Weather page - Explained
To reduce the download time of the main weather page these
explanations have been moved to their own page. This also
provides the opportunity to more fully describe what you see.
The weather station takes a round of measurements every minute.
Each bar in each graph represents an hour, always beginning a
minute 00 and ending at minute 59, so each bar is a summary of
sixty observations. There is no summary bar for the current
hour, since it has not yet reached its 59-th minute.
A guiding principle on the size of the weather page was that
if you print just page #1, you will have all the (important) data.
And now, the rest of a few short stories . . .
- Temperature
Top of RED bar -> Maximum (for hour)
Bottom of RED bar -> Minimum (for hour)
Bottom of BLUE bar -> Minimum (for period)
The bottom blue bar may be further split into green-over-blue
when it straddles the freezing mark. The green-blue boundary
represents 32 degrees F.
A rimed sensor can occur in the early hours of a juicy storm.
The sensor can still measure temperatures below freezing, though
its response (inside a ball of ice) will be slowed. When the air
temperature rises above freezing, due to the heat of fusion of
water, the temperature inside the melting mass of ice will rise
to and remain at "freezing" as the ice melts. When the sensor
is finally exposed to free air its reported temperature will
abruptly jump to the free-air temperature.

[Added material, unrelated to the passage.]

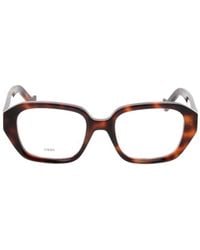 Loewe - Rectangle Frame Glasses - Lyst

A broken sensor may indicate unusually cold (< -30) or hot (> 120)
temperatures. Back-up temperature sensors are available, which
will be automatically selected if the program judges the primary
sensor to be unreliable. Back-up readings will have a small "S"
or "T" (for secondary or tertiary sensor) included with their
current reading if they have been selected.
About this sensor
The primary temperature sensor is mounted on a tower, on top of
Hoodoo Butte.
"Mid-mountain" temperature is measured near the top of the Manzanita
lift. Elevation-wise this is about halfway up the hill. It should
be about 2F (1C) warmer than the top temperature.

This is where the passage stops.